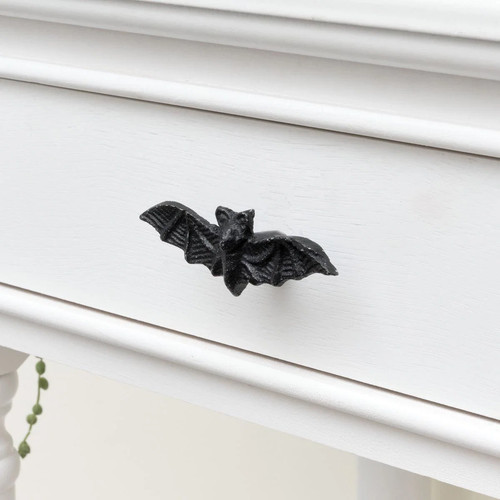Black bat drawer knob - black,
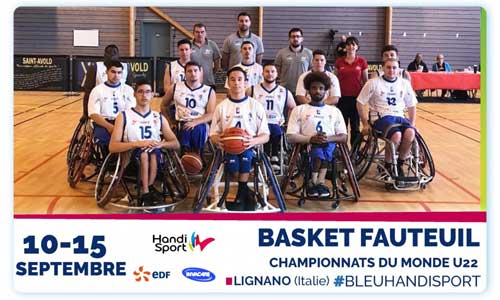 Illustration article Championnats d'Europe basket fauteuil U22 : 11 Français !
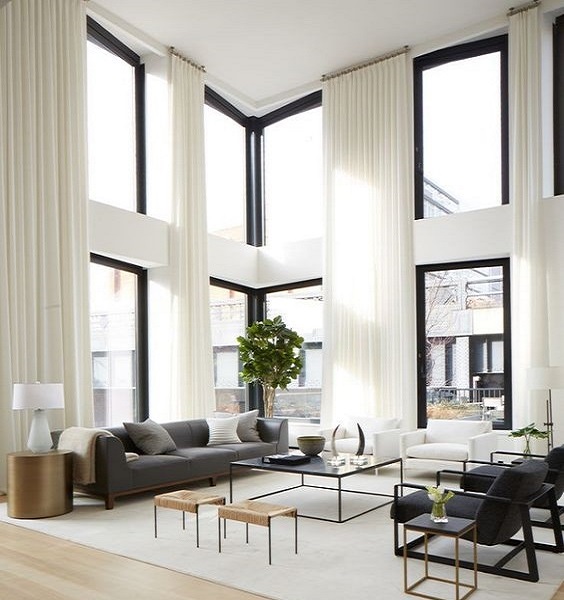 Tendências de cores para cortinas em 2025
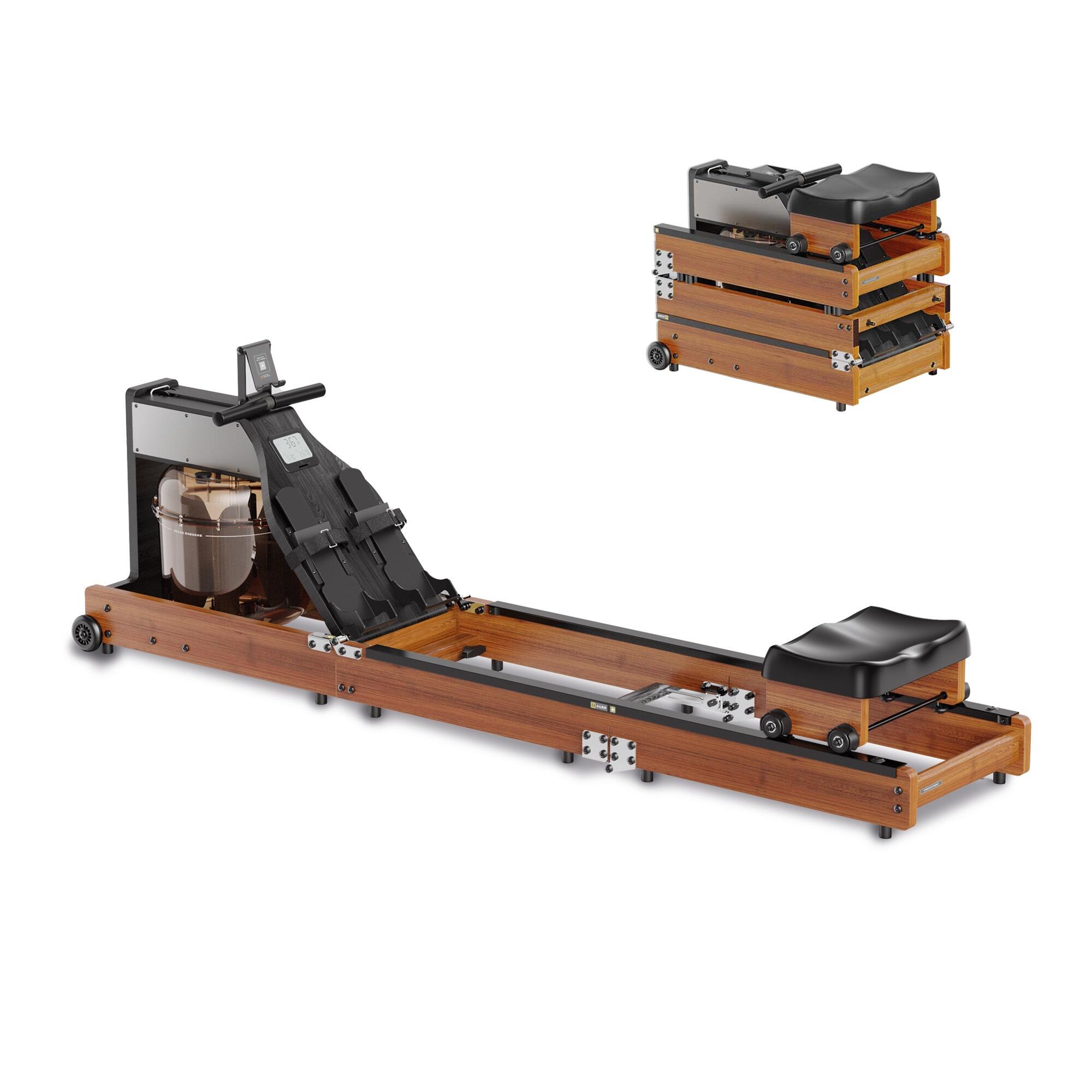 Kingsmith Rowing Machine WR1 Wioślarz wodny Brązowy, Bluetooth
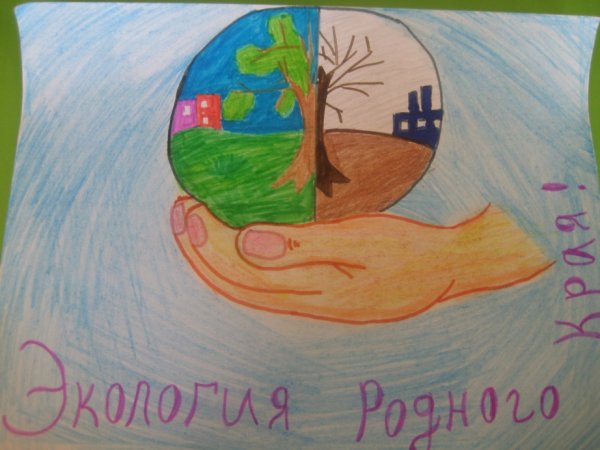 Рисунок на тему Защитим свою планету легко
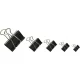 KLIPY DO DOKUMENTÓW OFFICE PRODUCTS 19MM 12SZT CZARNE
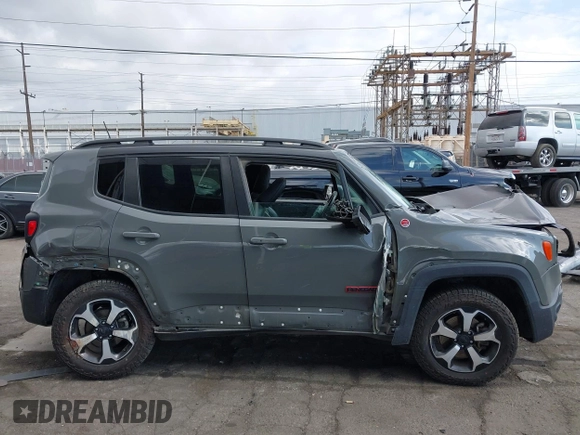 2021 Jeep Renegade Trailhawk with VIN ZACNJDC10MPM34625, listed as a IAAI auction lot 42116576 with 74,883 mi miles and . Bid and sale history available at DreamBid. Image 13.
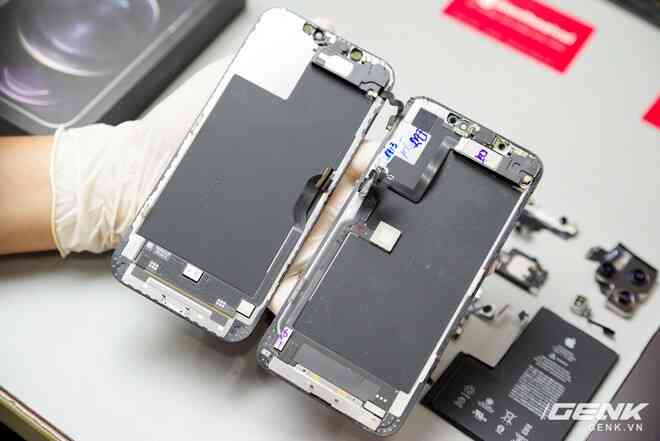 Mổ bụng iPhone 12 Pro Max tại Việt Nam: pin chữ L dung lượng 3.687mAh, camera sau vừa to vừa dài - Ảnh 16. Mổ bụng iPhone 12 Pro Max tại Việt Nam: pin chữ L dung lượng 3.687mAh, camera sau vừa to vừa dài - Ảnh 16.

* _TASK INSTRUCTIONS_
Give back the entries verbatim. Do not include any picture.

* _RESPONSE TO THIS TASK_
Black bat drawer knob - black,
 Illustration article Championnats d'Europe basket fauteuil U22 : 11 Français !
 Tendências de cores para cortinas em 2025
 Kingsmith Rowing Machine WR1 Wioślarz wodny Brązowy, Bluetooth
 Рисунок на тему Защитим свою планету легко
 KLIPY DO DOKUMENTÓW OFFICE PRODUCTS 19MM 12SZT CZARNE
 2021 Jeep Renegade Trailhawk with VIN ZACNJDC10MPM34625, listed as a IAAI auction lot 42116576 with 74,883 mi miles and . Bid and sale history available at DreamBid. Image 13.
 Mổ bụng iPhone 12 Pro Max tại Việt Nam: pin chữ L dung lượng 3.687mAh, camera sau vừa to vừa dài - Ảnh 16. Mổ bụng iPhone 12 Pro Max tại Việt Nam: pin chữ L dung lượng 3.687mAh, camera sau vừa to vừa dài - Ảnh 16.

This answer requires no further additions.